On the southern side of Lanai, Hulopoe Bay has one of Hawaii’s best all-around beaches, a stunning crescent of golden sand backed by palms, picnic facilities, and clear, cobalt blue water great for snorkeling in summer. Nearby is one of the island’s two luxury resorts, the Four Seasons at Manele Bay ; the other property is also a Four Seasons, the inland, plantation-style Lodge at Koele Beachcombers should head to Shipwreck Beach, on the northeast coast, a windswept stretch of sand unsuitable for swimming but with evocative remains of the many vessels that have foundered offshore over the years.
Running for 7 miles (11km) up and over the top of Lanai’s highest point, Mount Lanaihale (3,368 ft./1,027m), the Munro Trail is a must for hikers or off-road vehicles, and provides wonderful views of neighboring Maui.

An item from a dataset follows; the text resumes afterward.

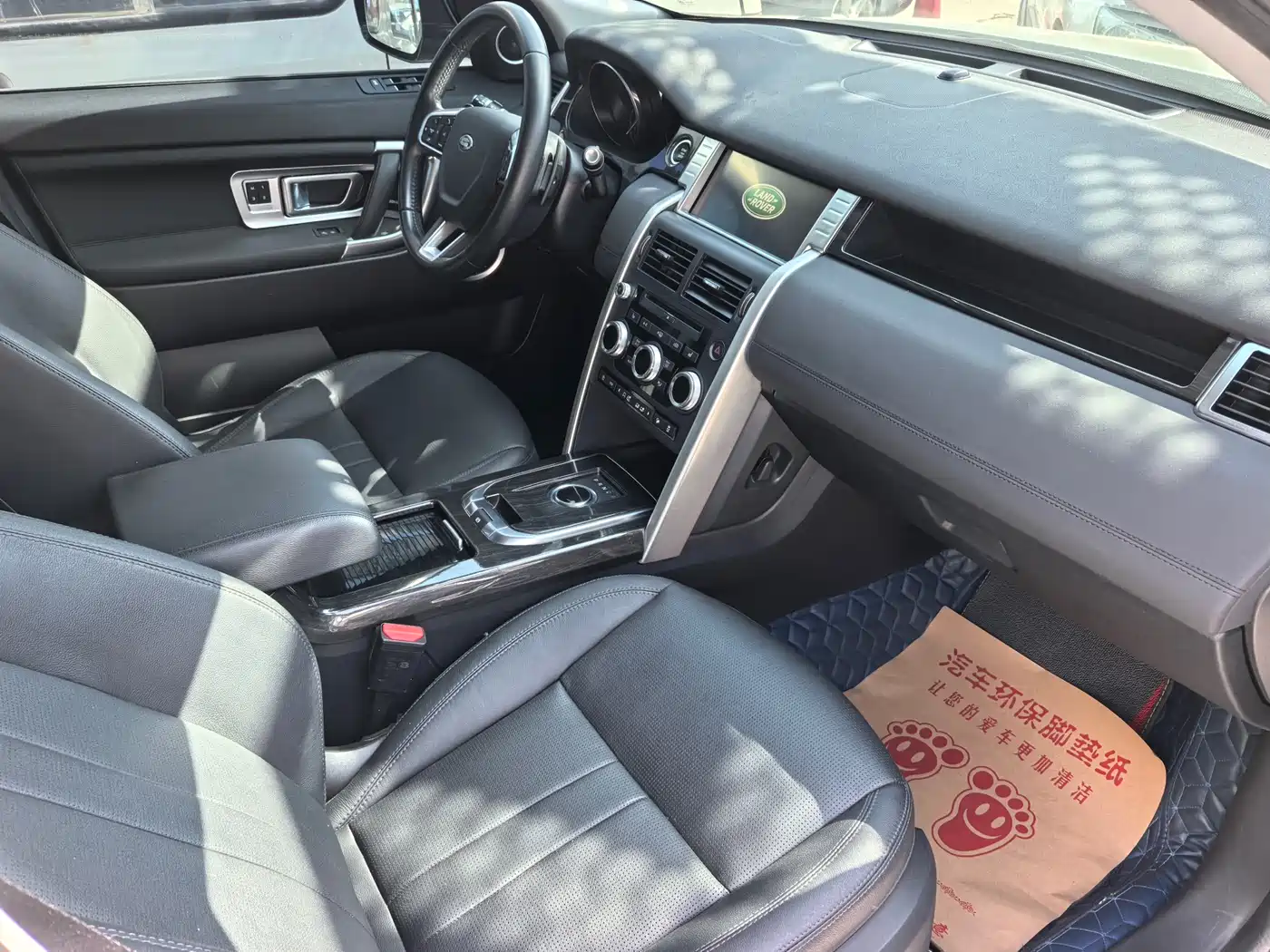 Land Rover Discovery Sport 2019 240PS HSE LUXURY Edition China V фото 25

Perhaps Lanai’s most unique and unusual sight is the so-called Garden of the Gods at Keahiakawelo, a garden of strange rock stacks set amid a barren landscape; come at sunset for the best color and light effects. Lanai also has two championship golf courses, attached to the two resorts; the oceanfront Challenge at Manele course was designed by Jack Nicklaus, while the upcountry Experience at Koele course is a Greg Norman masterpiece incorporating tropical geography and lofty views.
If you don’t care to spend Four Seasons levels of money for the privilege of overnighting on Lanai, you can also visit the island as a day trip from Maui with the 45-minute passenger ferry from Lahaina (much easier than flying from Maui). Unless you’re going with an organized tour group, it’s best to get a rental car with four-wheel-drive upon arrival in Lanai and a good map or set of directions from a local: Most of Lanai’s best attractions are at the end of unmarked or dirt roads.